-- SUPPLIED ENTRIES follows --

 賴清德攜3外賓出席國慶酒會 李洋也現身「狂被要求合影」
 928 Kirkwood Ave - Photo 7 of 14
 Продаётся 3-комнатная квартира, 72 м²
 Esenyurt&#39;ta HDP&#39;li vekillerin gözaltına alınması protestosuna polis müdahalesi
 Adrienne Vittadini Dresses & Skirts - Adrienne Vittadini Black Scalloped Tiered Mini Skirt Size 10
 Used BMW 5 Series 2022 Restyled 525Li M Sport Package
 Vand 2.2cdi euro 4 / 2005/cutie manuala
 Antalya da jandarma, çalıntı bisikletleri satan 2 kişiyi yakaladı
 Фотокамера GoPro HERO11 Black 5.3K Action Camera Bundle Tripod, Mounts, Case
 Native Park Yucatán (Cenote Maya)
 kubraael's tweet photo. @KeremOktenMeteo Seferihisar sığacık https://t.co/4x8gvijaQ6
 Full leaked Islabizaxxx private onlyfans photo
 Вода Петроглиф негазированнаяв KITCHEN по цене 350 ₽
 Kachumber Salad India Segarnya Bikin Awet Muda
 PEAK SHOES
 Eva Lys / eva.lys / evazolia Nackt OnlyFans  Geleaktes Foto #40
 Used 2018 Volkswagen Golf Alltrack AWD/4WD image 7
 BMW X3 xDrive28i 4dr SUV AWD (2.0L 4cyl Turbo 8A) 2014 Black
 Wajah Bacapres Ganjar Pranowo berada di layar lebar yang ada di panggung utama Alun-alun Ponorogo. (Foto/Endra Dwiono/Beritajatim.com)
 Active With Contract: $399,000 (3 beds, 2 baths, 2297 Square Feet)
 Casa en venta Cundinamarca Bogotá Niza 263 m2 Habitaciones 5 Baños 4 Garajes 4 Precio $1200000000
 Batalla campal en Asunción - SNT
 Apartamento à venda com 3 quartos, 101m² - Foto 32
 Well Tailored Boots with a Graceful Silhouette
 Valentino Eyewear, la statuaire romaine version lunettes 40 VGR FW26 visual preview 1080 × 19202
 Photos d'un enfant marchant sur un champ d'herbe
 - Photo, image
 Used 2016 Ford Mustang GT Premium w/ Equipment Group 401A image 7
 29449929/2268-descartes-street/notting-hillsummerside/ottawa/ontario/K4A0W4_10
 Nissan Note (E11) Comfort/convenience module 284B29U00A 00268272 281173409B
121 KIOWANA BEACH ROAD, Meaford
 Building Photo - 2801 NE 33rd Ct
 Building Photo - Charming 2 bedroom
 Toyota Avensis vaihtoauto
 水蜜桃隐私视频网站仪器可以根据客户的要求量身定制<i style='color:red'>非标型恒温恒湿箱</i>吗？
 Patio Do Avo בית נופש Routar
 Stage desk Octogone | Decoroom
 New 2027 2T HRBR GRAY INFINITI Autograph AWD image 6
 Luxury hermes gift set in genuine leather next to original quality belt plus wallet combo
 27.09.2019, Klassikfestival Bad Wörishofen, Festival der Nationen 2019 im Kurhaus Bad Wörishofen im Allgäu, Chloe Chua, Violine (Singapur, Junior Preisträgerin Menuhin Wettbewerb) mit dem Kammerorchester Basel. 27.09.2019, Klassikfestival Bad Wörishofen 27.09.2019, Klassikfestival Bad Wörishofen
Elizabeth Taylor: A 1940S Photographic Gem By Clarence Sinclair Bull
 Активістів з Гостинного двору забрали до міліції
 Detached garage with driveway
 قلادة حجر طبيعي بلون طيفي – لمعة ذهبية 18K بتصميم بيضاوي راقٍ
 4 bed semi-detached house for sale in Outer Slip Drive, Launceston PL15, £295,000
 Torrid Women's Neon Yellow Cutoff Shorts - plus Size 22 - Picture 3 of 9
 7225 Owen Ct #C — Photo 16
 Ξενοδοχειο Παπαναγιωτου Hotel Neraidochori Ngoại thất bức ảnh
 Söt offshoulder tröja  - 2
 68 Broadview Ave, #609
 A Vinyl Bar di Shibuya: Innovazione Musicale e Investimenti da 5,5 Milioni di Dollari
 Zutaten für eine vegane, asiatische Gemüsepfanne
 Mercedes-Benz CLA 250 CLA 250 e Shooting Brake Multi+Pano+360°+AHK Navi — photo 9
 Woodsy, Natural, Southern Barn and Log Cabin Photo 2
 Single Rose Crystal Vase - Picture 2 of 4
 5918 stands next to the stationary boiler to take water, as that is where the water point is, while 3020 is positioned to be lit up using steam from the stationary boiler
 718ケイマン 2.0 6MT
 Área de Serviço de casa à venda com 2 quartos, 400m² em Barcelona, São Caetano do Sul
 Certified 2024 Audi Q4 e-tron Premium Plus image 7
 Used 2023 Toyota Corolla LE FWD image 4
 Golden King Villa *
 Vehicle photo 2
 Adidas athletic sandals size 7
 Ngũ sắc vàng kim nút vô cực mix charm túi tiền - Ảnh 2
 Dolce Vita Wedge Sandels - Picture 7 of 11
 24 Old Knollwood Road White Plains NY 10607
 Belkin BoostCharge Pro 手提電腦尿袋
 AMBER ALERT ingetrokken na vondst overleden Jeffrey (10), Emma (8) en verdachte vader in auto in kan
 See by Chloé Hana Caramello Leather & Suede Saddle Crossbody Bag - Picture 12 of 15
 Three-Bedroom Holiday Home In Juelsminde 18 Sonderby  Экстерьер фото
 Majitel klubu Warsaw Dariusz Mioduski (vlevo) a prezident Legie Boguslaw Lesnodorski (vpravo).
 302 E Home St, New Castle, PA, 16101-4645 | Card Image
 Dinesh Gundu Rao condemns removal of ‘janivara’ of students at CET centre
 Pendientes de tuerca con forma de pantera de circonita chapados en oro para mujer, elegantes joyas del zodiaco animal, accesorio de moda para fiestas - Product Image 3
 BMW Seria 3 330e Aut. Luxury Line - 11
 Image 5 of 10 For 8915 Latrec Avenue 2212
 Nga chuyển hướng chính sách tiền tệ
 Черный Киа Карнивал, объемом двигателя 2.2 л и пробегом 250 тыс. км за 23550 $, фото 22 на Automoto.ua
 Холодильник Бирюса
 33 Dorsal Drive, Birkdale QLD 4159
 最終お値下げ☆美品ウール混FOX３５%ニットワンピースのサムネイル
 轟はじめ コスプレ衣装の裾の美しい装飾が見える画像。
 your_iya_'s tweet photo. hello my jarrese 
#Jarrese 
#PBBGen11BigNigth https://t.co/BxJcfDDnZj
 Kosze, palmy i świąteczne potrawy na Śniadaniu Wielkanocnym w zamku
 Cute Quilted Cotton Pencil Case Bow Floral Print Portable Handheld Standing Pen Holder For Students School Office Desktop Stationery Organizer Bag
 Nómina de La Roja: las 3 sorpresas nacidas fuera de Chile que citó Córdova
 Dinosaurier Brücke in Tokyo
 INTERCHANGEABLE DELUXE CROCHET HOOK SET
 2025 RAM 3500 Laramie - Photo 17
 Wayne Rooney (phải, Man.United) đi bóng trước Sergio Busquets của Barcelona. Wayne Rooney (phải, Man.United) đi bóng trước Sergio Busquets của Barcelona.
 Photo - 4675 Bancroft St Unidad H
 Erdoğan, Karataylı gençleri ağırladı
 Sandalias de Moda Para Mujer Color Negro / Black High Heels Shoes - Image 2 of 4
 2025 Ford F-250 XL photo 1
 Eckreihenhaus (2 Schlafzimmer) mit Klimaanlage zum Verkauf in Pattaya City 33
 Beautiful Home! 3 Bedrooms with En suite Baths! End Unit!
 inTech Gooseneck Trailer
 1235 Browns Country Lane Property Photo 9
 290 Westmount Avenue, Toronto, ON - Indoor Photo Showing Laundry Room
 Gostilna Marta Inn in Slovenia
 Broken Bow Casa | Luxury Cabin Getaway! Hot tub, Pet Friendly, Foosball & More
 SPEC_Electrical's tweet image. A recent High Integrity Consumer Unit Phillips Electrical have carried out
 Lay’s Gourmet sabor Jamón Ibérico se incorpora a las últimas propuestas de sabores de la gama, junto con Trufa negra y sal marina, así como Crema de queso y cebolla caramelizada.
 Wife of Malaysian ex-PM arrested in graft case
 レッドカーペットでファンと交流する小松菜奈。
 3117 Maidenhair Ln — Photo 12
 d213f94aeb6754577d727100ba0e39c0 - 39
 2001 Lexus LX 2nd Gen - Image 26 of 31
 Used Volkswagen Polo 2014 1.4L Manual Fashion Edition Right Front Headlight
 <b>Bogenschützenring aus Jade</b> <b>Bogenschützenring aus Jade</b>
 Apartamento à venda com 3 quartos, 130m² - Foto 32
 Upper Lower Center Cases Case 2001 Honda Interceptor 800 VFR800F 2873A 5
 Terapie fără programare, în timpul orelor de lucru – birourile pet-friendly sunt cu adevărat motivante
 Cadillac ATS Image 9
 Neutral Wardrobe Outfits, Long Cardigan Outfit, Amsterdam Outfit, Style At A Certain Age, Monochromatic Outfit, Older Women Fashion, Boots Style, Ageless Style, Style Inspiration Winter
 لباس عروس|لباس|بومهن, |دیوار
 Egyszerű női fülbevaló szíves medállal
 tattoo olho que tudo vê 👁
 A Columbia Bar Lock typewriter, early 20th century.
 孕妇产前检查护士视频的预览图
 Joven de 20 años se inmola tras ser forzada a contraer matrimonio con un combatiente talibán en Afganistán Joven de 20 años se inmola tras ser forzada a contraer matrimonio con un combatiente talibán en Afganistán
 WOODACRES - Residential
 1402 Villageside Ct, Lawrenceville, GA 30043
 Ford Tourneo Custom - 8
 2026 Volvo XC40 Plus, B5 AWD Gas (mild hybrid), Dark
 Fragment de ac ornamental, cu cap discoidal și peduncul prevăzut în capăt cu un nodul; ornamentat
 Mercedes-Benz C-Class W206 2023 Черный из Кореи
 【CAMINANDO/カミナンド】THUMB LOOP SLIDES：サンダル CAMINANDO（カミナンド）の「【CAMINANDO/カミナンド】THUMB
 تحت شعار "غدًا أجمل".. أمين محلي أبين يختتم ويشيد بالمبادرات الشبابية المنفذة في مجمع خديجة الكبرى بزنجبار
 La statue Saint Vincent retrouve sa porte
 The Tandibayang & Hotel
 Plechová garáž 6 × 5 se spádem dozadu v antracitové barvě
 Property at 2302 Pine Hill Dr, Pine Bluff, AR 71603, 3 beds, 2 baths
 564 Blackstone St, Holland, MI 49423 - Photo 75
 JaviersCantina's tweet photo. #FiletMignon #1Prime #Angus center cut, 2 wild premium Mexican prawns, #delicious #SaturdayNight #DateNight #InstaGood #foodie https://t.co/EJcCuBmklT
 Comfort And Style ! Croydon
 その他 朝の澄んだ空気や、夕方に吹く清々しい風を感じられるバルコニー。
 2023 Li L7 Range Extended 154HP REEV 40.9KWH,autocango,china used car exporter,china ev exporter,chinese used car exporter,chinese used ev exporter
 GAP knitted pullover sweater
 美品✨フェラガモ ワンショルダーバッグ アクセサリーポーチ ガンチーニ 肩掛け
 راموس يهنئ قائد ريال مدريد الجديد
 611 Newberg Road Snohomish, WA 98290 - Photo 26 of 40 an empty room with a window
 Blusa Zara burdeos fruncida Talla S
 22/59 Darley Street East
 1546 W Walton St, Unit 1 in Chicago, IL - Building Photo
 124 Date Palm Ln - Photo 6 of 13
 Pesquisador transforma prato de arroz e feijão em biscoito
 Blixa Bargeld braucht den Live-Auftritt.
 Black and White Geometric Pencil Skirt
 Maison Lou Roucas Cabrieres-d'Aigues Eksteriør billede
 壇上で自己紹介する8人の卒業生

-- SUPPLIED ENTRIES concluded --

## YOUR ASSIGNMENT
Could you set down, exactly as written, the lines above between the one holding "Активістів з Гостинного" and the one holding "Woodsy, Natural, Southern", inclusive, and nothing more?

## WRITTEN RESPONSE
 Активістів з Гостинного двору забрали до міліції
 Detached garage with driveway
 قلادة حجر طبيعي بلون طيفي – لمعة ذهبية 18K بتصميم بيضاوي راقٍ
 4 bed semi-detached house for sale in Outer Slip Drive, Launceston PL15, £295,000
 Torrid Women's Neon Yellow Cutoff Shorts - plus Size 22 - Picture 3 of 9
 7225 Owen Ct #C — Photo 16
 Ξενοδοχειο Παπαναγιωτου Hotel Neraidochori Ngoại thất bức ảnh
 Söt offshoulder tröja  - 2
 68 Broadview Ave, #609
 A Vinyl Bar di Shibuya: Innovazione Musicale e Investimenti da 5,5 Milioni di Dollari
 Zutaten für eine vegane, asiatische Gemüsepfanne
 Mercedes-Benz CLA 250 CLA 250 e Shooting Brake Multi+Pano+360°+AHK Navi — photo 9
 Woodsy, Natural, Southern Barn and Log Cabin Photo 2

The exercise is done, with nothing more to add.